__The problem__:
Output each entry in full so that the result matches the data exactly.

__Given records__:
▬▬▬▬▬▬
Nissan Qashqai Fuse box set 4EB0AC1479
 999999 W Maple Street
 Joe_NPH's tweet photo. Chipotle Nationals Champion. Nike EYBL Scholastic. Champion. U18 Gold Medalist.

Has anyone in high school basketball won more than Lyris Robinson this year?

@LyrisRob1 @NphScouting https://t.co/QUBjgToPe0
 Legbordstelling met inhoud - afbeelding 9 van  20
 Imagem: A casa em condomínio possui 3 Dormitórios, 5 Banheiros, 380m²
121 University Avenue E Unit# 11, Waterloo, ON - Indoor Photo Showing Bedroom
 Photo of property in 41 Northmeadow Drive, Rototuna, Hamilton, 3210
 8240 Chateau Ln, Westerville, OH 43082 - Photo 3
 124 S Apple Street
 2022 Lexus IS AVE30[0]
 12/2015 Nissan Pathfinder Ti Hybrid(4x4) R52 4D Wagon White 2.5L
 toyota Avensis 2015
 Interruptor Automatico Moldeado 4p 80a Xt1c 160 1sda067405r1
▬▬▬▬▬▬
__Output for this task__:
Nissan Qashqai Fuse box set 4EB0AC1479
 999999 W Maple Street
 Joe_NPH's tweet photo. Chipotle Nationals Champion. Nike EYBL Scholastic. Champion. U18 Gold Medalist.

Has anyone in high school basketball won more than Lyris Robinson this year?

@LyrisRob1 @NphScouting https://t.co/QUBjgToPe0
 Legbordstelling met inhoud - afbeelding 9 van  20
 Imagem: A casa em condomínio possui 3 Dormitórios, 5 Banheiros, 380m²
121 University Avenue E Unit# 11, Waterloo, ON - Indoor Photo Showing Bedroom
 Photo of property in 41 Northmeadow Drive, Rototuna, Hamilton, 3210
 8240 Chateau Ln, Westerville, OH 43082 - Photo 3
 124 S Apple Street
 2022 Lexus IS AVE30[0]
 12/2015 Nissan Pathfinder Ti Hybrid(4x4) R52 4D Wagon White 2.5L
 toyota Avensis 2015
 Interruptor Automatico Moldeado 4p 80a Xt1c 160 1sda067405r1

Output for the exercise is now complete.